Hitachi researchers have released a first-of-its-kind dataset comprising sounds of functioning and malfunctioning industrial machines in real factory environments. The dataset is designed to aid in the development of acoustic detection techniques, and is introduced in the paper MIMII Dataset: Sound Dataset for Malfunctioning Industrial Machine Investigation and Inspection.

The MIMII dataset classifies sounds into four major machine types: valves, pumps, fans, and slide rails, with samples from different machine models included in each category. There are a total of 26,092 ten-second sound files of machines in normal operating conditions, and 6,065 sound files of machines struggling under abnormal conditions. Researchers used only the normal machine operation sounds during the training phase, then introduced the anomalous sounds during the testing phase.

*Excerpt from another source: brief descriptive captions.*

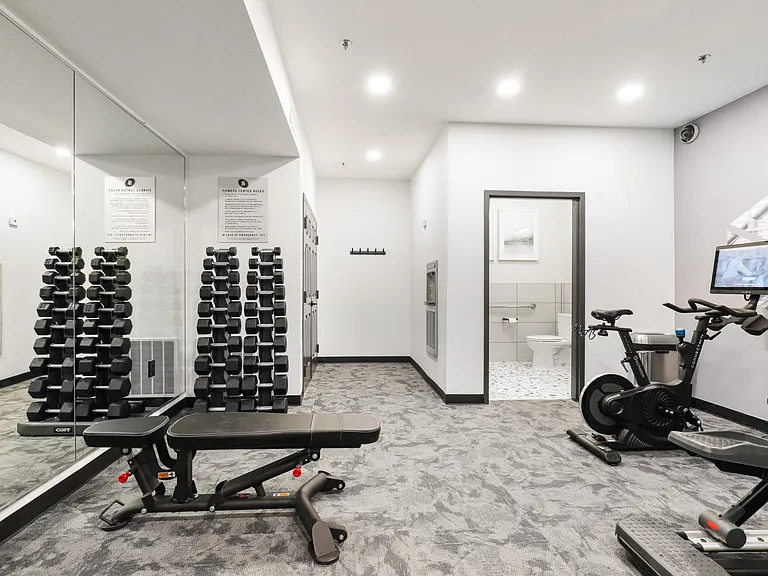 Free weights in the Fitness Center at Switchback on Platte Apartments in Littleton, CO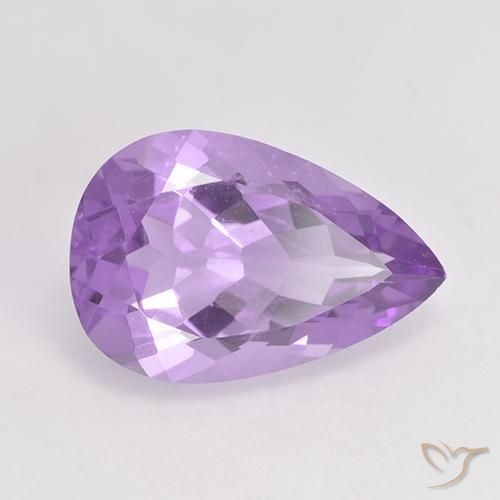 4.45 ct Violet Amethyst Stone, Natural Amethyst in Pear Facet Shape for Sale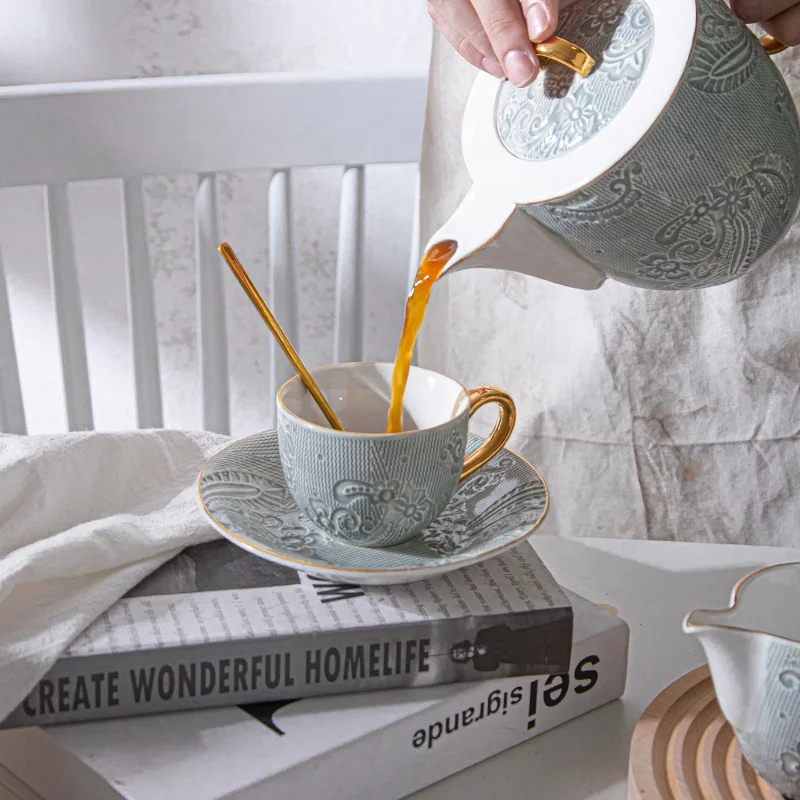 Light Luxury 4PCS Ceramic Afternoon Coffee Pot Cup Set Stoneware Tea Cup Saucer Set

Researchers positioned a circular array of eight microphones at distances of 10–50cm to record the machine sounds in various real factories, processing the 10-second recordings as 16-bit audio signals sampled at 16 kHz. Because factories are not libraries, researchers had to deal with plenty of background noise, which they isolated and later mixed with the target machine sound to simulate real world conditions. The sound files are stored in the standard .WAV audio format.

Because every machine has its particular sound characteristics — even within a class or model type — researchers employed an autoencoder-based unsupervised anomaly detector. Researchers noted for example the sound signals of valves are “impulsive and sparse in time” which makes valve anomaly detection challenging compared to the relatively static and continuous sound signals of fans, which can more quickly and effectively expose anomalies. Researchers propose reducing detection degradation caused by non-static machines and factory background noise as areas for further study in unsupervised anomalous sound detection.

The MIMII dataset of machine sounds and factory background noise is the first to provide solutions for detecting anomalous conditions in industrial machinery via sounds, and has been open-sourced on Zenodo.

The paper MIMII Dataset: Sound Dataset for Malfunctioning Industrial Machine Investigation and Inspection is on arXiv.